Exercise materials below:

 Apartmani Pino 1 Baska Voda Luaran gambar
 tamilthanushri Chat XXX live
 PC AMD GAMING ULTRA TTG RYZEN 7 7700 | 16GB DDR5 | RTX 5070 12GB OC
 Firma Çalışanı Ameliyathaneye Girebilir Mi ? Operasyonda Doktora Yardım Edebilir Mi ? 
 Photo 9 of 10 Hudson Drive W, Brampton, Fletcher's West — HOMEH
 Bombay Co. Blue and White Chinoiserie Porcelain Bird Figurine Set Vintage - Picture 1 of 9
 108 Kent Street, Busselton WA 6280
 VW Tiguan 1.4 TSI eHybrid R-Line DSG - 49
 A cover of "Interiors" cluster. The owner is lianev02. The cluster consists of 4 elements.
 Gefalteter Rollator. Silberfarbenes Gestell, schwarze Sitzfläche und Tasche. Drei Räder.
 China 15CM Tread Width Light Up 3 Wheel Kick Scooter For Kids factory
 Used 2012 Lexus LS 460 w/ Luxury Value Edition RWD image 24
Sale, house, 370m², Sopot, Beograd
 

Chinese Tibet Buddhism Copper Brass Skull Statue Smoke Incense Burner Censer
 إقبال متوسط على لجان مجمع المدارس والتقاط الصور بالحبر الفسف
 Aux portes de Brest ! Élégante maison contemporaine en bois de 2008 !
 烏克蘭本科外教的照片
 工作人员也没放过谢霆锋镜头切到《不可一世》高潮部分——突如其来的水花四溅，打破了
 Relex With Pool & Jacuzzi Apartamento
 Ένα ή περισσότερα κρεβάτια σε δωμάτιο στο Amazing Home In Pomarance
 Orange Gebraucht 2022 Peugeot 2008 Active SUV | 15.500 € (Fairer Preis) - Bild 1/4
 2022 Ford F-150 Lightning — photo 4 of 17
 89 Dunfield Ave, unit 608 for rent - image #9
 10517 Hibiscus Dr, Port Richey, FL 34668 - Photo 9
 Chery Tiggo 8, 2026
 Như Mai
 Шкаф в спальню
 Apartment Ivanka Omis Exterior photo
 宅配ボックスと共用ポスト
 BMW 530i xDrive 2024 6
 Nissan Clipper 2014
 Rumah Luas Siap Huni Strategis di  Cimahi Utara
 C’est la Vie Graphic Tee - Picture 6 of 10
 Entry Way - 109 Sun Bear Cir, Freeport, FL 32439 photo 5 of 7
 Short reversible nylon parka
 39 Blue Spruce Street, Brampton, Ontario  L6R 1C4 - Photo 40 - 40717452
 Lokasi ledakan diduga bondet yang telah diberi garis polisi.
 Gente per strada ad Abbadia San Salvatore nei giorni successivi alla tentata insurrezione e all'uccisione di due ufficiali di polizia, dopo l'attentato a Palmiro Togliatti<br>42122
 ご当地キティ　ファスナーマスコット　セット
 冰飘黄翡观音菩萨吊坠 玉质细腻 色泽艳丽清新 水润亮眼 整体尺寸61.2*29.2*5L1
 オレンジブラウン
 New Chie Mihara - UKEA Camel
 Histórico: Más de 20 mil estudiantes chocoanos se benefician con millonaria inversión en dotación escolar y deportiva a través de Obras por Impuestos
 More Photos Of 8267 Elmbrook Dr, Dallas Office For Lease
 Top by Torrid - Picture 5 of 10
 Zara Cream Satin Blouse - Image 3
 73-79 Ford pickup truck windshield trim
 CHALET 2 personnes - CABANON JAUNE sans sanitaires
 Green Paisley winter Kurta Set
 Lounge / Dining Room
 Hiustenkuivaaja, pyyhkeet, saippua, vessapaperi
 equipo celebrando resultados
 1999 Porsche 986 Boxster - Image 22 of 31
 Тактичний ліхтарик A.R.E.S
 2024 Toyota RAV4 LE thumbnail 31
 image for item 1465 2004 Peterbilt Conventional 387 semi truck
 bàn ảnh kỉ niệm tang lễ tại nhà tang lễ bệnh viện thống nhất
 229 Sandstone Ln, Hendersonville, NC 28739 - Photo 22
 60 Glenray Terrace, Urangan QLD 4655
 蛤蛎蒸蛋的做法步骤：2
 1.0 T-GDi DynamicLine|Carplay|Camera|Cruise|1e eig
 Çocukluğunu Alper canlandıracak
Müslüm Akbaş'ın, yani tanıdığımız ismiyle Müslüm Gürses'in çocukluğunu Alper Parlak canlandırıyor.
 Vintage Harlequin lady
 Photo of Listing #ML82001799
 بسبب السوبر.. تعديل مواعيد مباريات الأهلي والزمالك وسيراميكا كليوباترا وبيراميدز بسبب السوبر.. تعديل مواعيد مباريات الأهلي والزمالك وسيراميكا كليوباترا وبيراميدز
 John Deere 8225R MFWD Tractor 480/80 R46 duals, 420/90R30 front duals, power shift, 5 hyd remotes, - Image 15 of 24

End of Exercise materials.

* _What to work on_:
Copy the lines above that hold the word "Picture".

* _Result_:
 Bombay Co. Blue and White Chinoiserie Porcelain Bird Figurine Set Vintage - Picture 1 of 9
 C’est la Vie Graphic Tee - Picture 6 of 10
 Top by Torrid - Picture 5 of 10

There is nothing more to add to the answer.